Prima di tutto ci dona un amore che si umilia, quando si china a lavare i piedi ai suoi commensali. È un gesto unico e “assurdo” sia per il suo tempo che ancora di più per la mentalità egoistica ed egocentrica dei nostri tempi. Servire dall’ultimo posto è amare disinteressatamente e senza retorica. Nella logica di Gesù il servizio dev’essere espressivo di un amore capace di consumarsi, di donarsi non solo senza pretendere un guadagno, ma già sapendo bene che non ci sarà neppure la gloria tributata da chi riconosce il bene che fai. Chi faceva attenzione al lavoro dell’ultimo tra gli schiavi, incaricato di lavare i piedi del padrone quando tornava da un lungo viaggio?
Poi ci dona un perdono così generoso da essere donato in anticipo, quando prevede il tradimento di Giuda ed il rinnegamento di Pietro. Ad ambedue Gesù indica il peccato che stanno per fare contro di lui senza acredine e risentimento, solo con la grande tristezza con cui guarderà i suoi crocifissori scusandoli perché: “non sanno quello che fanno”. Gesù ci perdona perché ha sperimentato fino in fondo la fragilità della nostra condizione di poveri ciechi, che hanno la superbia di ritenersi vedenti, capaci di fare il male ad occhi chiusi. Il suo perdono è offerto e pronto da prima che cadiamo nella buca dei nostri orrori.
Infine, ci fa il dono del pane quotidiano, come farebbe un comune padre di famiglia, e con questo gesto indica la donazione di sé stesso totale e quotidiana. Quando Gesù spezza il pane dice “Questo è il mio corpo” indica il dono completo di sé stesso: “Questo sono io che mi do per voi” e lo fa in un presente che continuerà ogni giorno.
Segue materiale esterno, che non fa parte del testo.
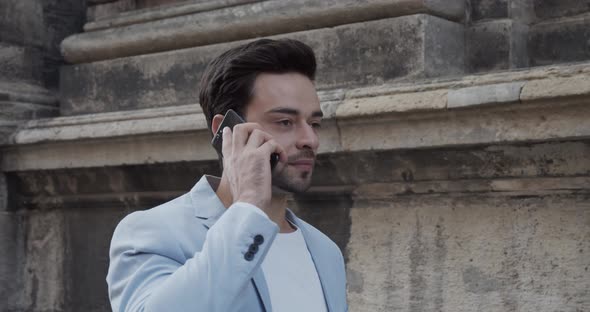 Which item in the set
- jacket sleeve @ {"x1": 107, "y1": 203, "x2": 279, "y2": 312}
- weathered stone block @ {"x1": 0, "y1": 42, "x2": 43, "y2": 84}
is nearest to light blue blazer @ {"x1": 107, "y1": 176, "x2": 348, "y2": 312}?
jacket sleeve @ {"x1": 107, "y1": 203, "x2": 279, "y2": 312}

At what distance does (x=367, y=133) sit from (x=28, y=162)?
2155 millimetres

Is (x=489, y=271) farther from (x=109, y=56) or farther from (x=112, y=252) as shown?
(x=109, y=56)

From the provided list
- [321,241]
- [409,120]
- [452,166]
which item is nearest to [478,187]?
[452,166]

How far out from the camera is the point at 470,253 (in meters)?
3.89

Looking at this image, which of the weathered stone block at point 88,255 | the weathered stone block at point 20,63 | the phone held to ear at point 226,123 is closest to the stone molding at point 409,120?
the weathered stone block at point 88,255

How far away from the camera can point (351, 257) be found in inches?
168

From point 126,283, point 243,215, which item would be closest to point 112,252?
point 126,283

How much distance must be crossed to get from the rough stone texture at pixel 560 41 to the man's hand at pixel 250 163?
236 cm

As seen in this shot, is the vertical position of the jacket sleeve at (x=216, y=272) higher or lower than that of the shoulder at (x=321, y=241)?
lower

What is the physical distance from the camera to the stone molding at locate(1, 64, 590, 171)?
3.52 meters

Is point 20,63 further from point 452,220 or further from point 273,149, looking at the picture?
point 273,149

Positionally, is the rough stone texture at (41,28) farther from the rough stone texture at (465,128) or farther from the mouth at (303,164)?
the mouth at (303,164)

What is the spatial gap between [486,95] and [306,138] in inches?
56.2

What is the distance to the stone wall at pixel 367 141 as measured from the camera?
3.69 meters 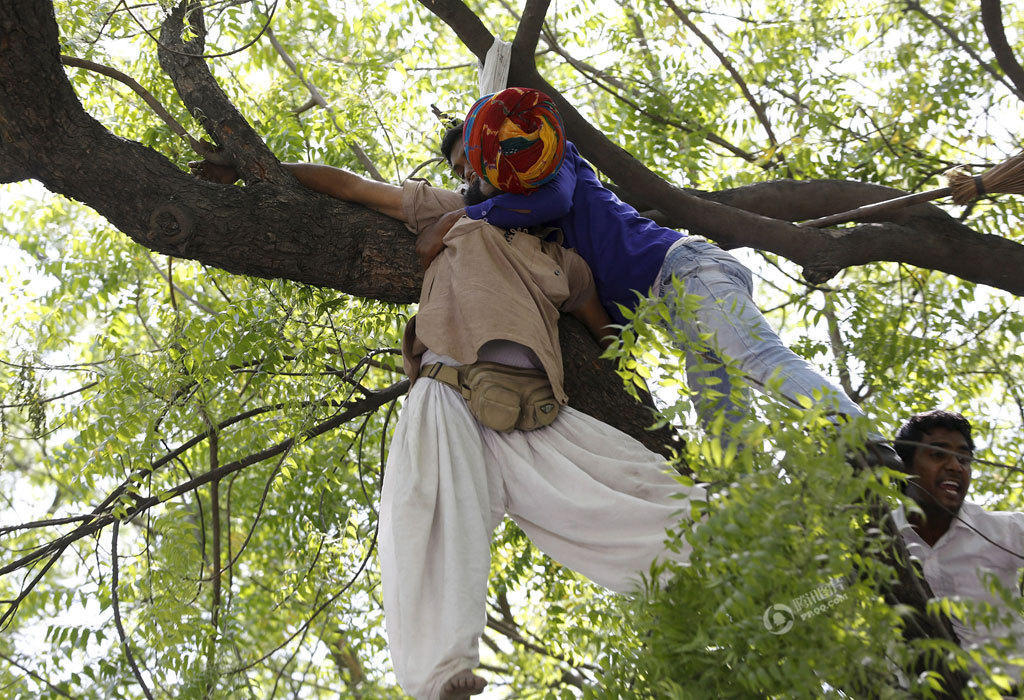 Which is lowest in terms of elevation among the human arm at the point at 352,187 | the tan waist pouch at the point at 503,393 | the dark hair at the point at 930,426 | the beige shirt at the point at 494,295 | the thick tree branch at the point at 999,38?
the dark hair at the point at 930,426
Dice Pascal: “Gesù sarà in agonia fino alla fine dei tempi”. Perché l’offerta di Gesù al Padre si ripete ogni giorno, e si incarna in ogni sofferente, in ogni innocente perseguitato, in ogni vittima dell’odio umano.
Alla luce di questo senso profondo delle parole e delle azioni di Gesù, la sua sentenza conclusiva: “Fate questo in memoria di me”, non è solo un invita a ricordare nella mente ma a fare, ad imitare nella vita.
La celebrazione cristiana dell’eucarestia, questo rito nuovo che nasce nel Cenacolo, prende senso e veicola tutto questo: Gesù prese alcuni segni della cena pasquale ebraica, ma li rivestì di un nuovo significato.
La famiglia che si raduna per celebrare la Messa, come le famiglie ebree si radunavano per celebrare la Pasqua, non è però legata dal sangue, ma dalla fede: è la famiglia dei discepoli di Gesù.
Non si celebra poi l’orgoglio di essere parte di un popolo che ha la sua patria sulla terra, ma la gratitudine di essere stati accolti in un popolo, che si raduna “provvisoriamente” sulla terra, ma che ha la sua patria in cielo
Al centro della cena infine non c’è un cibo prelibato e ricco, come l’agnello pasquale, ma il cibo quotidiano del povero: il pane azzimo, e la bevanda dalla gioia semplice, il vino. Noi celebriamo l’amore di Dio, un amore quotidiano, che ogni giorno ci sostiene e ci dona gioie semplici e vere.
In questa serata di adorazione davanti all’eucarestia che significa tutto quanto abbiamo detto sinora e molto altro, siamo chiamati a riorientare, almeno nel desiderio, la nostra vita secondo l’esempio di Gesù.
Il triplice dono che Gesù fa di sé stesso non va disperso e non deve trovare aridità di terreno nello spirito umano. Esso va accolto con fede, assimilato e vissuto ma soprattutto non può non tradursi nel dono dell’amore vicendevole fra di noi, attraverso la concretezza del donare noi stessi agli altri: con franchezza e generosità e nel coraggio eroico di opere che attestino l’attualità dello stesso Cristo che ama.